EXERCISE INSTRUCTIONS = Once you find the line containing "Smartphone and fingerprint" in the data below, copy it and each following line exactly, up to and including the line containing "خبز الفوقاس الفرنسي", and nothing else.

======== SOURCE MATERIAL

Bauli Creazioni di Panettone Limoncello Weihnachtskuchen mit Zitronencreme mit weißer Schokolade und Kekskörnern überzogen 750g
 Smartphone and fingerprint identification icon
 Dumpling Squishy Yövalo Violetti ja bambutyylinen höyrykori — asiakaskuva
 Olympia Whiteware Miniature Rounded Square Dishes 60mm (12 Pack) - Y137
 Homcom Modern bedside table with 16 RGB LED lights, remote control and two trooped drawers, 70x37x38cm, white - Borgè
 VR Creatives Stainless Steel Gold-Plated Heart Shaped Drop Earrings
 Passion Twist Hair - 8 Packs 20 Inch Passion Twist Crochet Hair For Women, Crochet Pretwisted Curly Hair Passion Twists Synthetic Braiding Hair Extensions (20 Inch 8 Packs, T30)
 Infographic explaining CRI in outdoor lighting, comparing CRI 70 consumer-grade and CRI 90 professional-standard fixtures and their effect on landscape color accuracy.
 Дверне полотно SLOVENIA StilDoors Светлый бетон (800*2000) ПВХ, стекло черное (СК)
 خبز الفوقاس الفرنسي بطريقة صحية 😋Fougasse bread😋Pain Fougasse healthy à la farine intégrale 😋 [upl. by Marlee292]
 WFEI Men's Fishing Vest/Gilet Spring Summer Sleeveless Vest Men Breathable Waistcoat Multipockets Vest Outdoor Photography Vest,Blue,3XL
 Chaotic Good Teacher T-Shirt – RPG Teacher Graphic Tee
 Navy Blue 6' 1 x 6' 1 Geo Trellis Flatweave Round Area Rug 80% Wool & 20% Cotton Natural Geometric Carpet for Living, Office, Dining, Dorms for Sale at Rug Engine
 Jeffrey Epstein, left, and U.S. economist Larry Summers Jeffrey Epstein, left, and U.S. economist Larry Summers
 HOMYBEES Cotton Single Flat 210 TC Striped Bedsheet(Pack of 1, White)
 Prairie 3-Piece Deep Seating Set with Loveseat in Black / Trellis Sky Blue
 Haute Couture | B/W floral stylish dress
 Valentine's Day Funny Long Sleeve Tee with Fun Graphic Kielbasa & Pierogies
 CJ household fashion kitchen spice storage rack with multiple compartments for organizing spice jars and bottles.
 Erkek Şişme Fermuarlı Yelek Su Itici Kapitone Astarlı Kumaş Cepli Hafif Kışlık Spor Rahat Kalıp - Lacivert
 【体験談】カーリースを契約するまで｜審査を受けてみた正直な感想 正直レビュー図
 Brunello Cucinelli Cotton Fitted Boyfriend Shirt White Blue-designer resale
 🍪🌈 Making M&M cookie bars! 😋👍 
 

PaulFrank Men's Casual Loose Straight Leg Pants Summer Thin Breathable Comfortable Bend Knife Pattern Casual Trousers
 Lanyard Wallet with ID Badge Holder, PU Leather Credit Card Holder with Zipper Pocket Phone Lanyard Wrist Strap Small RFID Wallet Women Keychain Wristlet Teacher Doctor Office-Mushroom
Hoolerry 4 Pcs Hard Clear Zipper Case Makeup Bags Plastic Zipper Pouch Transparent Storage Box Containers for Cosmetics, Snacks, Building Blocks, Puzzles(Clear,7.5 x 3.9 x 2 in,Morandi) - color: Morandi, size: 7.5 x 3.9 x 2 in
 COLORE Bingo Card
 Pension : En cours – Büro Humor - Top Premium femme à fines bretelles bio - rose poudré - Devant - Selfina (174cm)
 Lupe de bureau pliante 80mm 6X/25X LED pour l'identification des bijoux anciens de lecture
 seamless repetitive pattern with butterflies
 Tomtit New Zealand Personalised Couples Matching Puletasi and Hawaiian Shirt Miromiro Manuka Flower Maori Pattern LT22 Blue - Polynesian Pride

================

RESULT OF THIS TASK =
 Smartphone and fingerprint identification icon
 Dumpling Squishy Yövalo Violetti ja bambutyylinen höyrykori — asiakaskuva
 Olympia Whiteware Miniature Rounded Square Dishes 60mm (12 Pack) - Y137
 Homcom Modern bedside table with 16 RGB LED lights, remote control and two trooped drawers, 70x37x38cm, white - Borgè
 VR Creatives Stainless Steel Gold-Plated Heart Shaped Drop Earrings
 Passion Twist Hair - 8 Packs 20 Inch Passion Twist Crochet Hair For Women, Crochet Pretwisted Curly Hair Passion Twists Synthetic Braiding Hair Extensions (20 Inch 8 Packs, T30)
 Infographic explaining CRI in outdoor lighting, comparing CRI 70 consumer-grade and CRI 90 professional-standard fixtures and their effect on landscape color accuracy.
 Дверне полотно SLOVENIA StilDoors Светлый бетон (800*2000) ПВХ, стекло черное (СК)
 خبز الفوقاس الفرنسي بطريقة صحية 😋Fougasse bread😋Pain Fougasse healthy à la farine intégrale 😋 [upl. by Marlee292]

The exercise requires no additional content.